======== DATA RECORDS

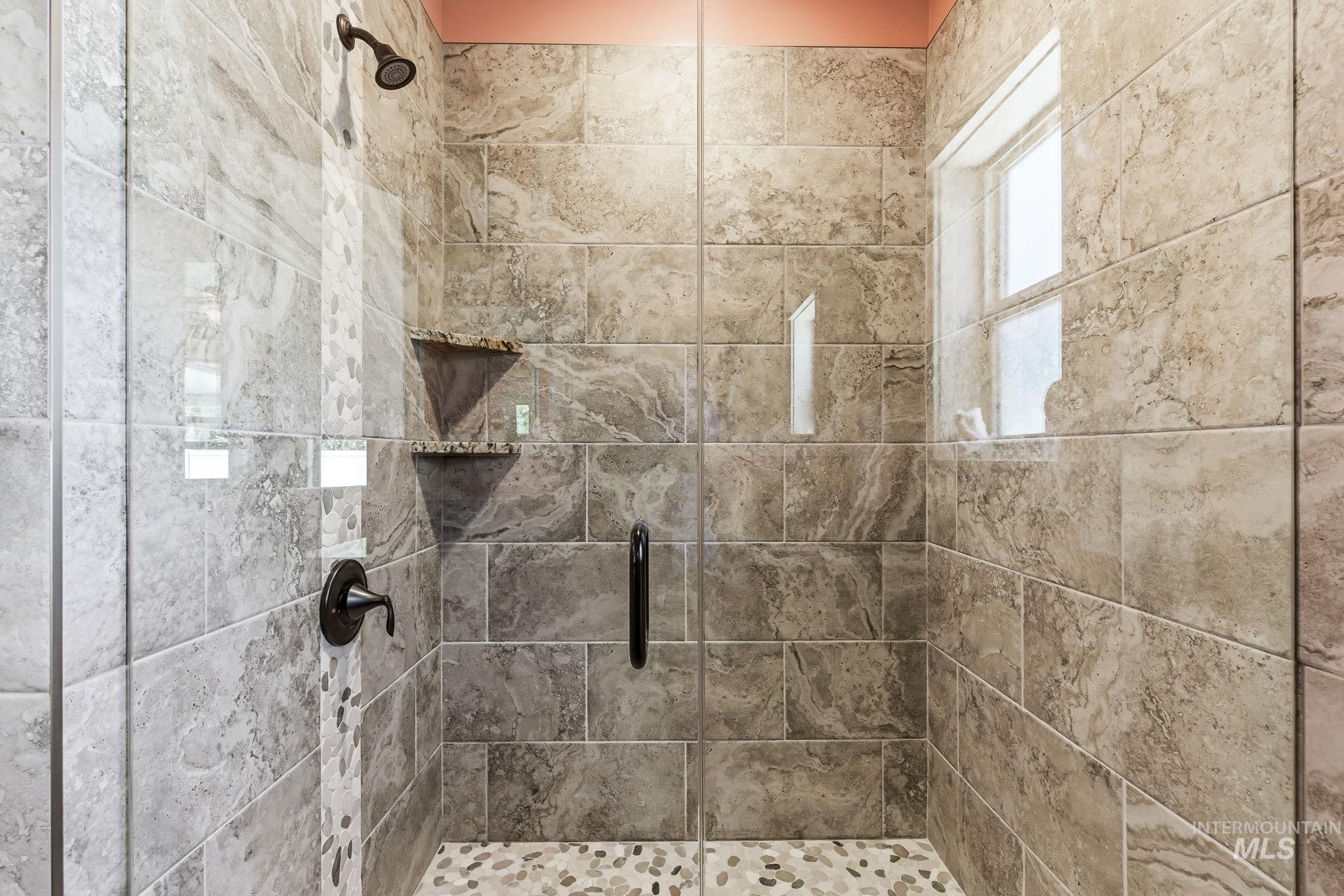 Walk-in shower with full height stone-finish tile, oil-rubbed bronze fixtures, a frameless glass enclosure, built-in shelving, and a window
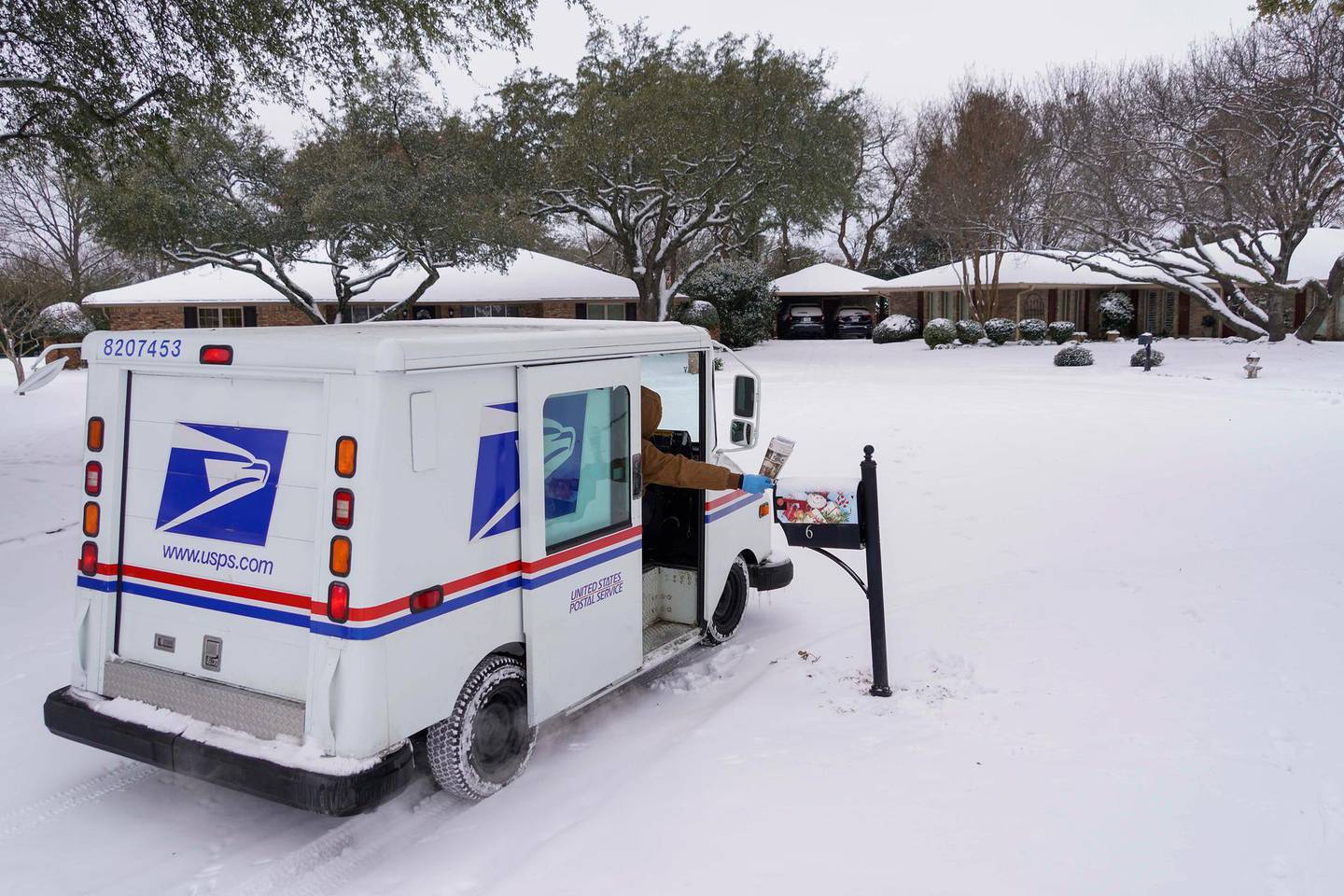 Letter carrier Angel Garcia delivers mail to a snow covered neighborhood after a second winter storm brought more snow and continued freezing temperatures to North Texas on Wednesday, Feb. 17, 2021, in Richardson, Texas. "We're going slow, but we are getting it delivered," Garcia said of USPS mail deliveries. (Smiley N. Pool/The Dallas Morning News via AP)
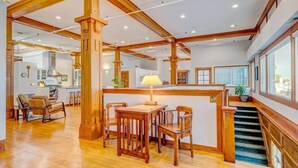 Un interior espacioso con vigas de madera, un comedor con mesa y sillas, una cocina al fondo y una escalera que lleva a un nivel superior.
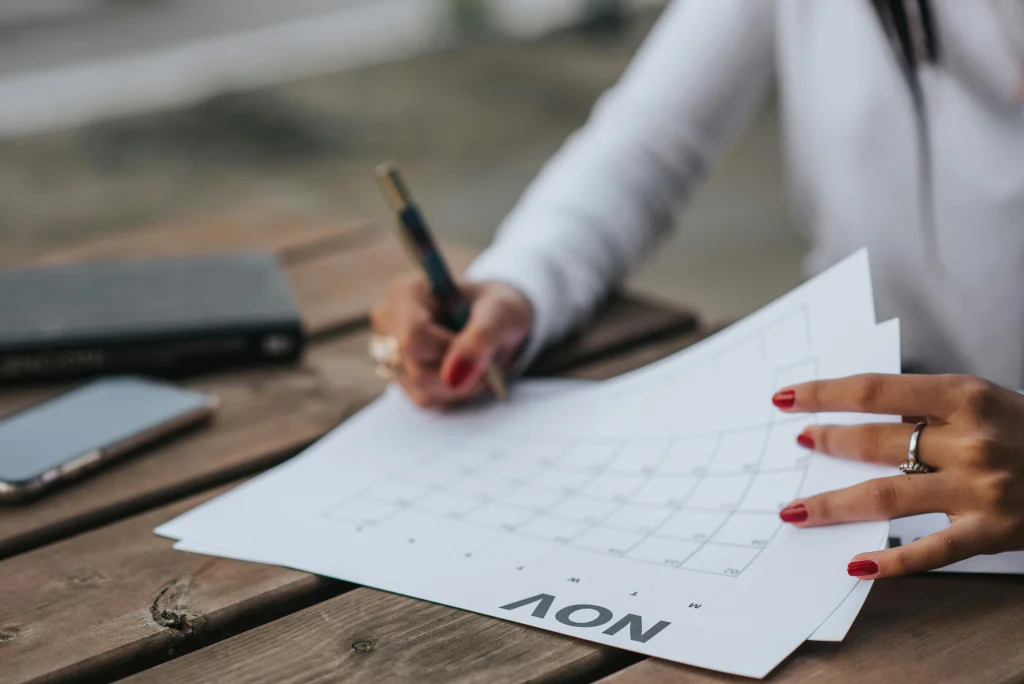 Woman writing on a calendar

================
======== DATA RECORDS

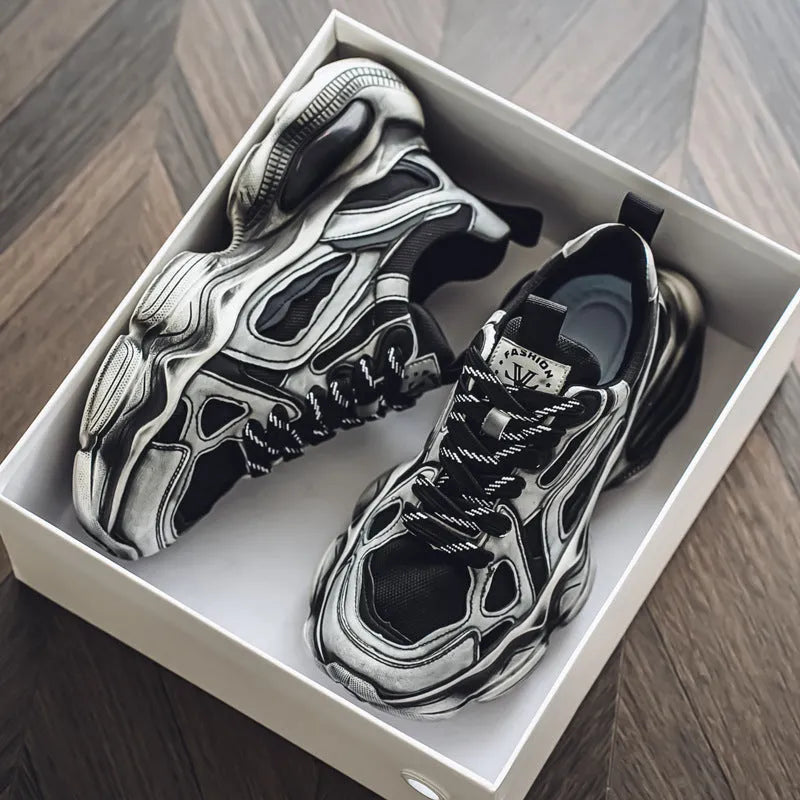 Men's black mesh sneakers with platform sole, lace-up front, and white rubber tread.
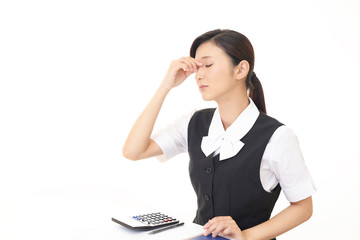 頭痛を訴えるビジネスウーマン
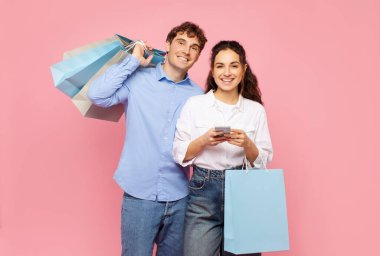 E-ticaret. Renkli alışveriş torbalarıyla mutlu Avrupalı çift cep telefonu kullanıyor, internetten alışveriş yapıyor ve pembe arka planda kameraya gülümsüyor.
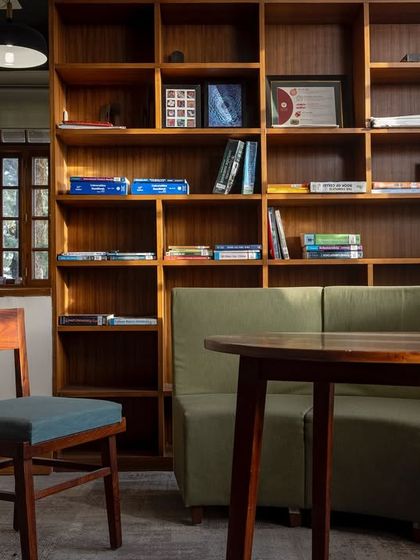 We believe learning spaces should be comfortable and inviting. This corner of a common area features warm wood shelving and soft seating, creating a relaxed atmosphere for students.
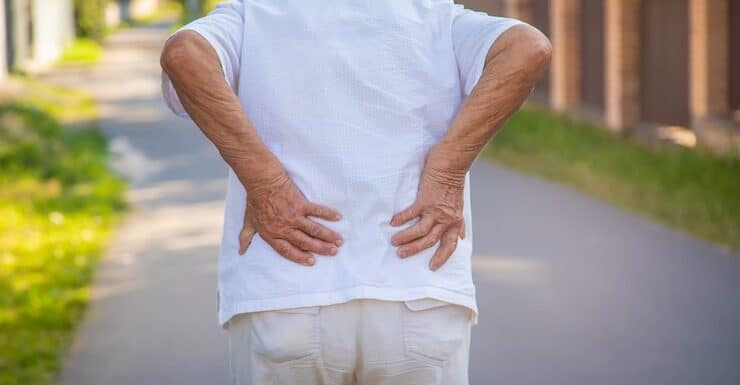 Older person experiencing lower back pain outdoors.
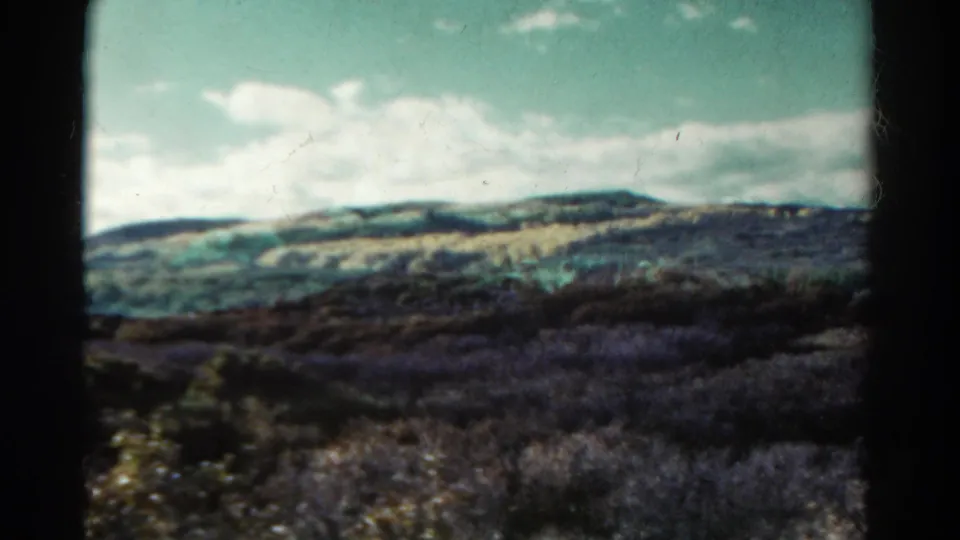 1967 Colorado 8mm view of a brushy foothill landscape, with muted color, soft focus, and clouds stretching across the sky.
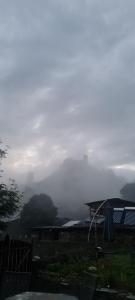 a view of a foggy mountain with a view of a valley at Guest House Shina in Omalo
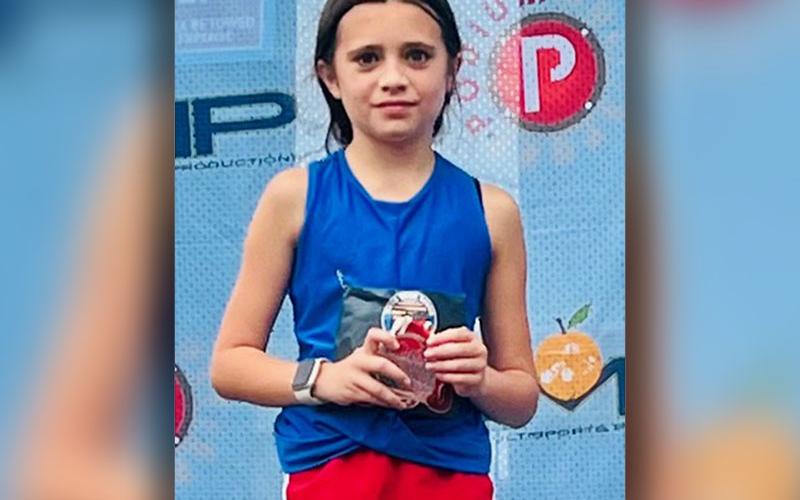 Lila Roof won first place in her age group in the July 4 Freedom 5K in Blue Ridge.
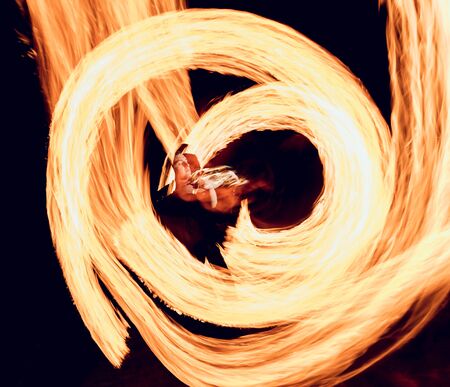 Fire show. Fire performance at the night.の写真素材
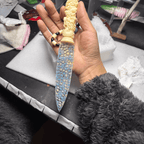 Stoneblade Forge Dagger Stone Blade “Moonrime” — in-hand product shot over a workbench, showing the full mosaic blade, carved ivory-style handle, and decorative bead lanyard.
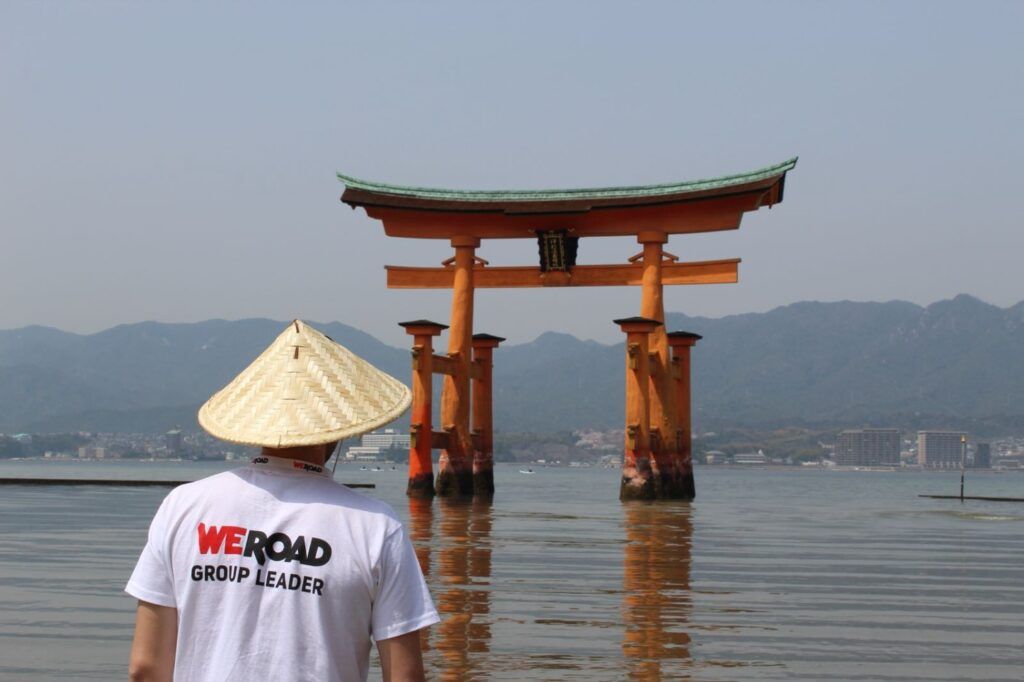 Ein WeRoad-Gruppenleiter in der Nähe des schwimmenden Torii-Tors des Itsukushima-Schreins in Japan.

================

WHAT THE TASK ASKS | Copy out exactly the lines above beginning with the line that contains "Un interior espacioso" and finishing with the line that contains "Woman writing on a calendar", including both; leave the pictures out.

RESPONSE FOR THIS EXERCISE |
 Un interior espacioso con vigas de madera, un comedor con mesa y sillas, una cocina al fondo y una escalera que lleva a un nivel superior.
 Woman writing on a calendar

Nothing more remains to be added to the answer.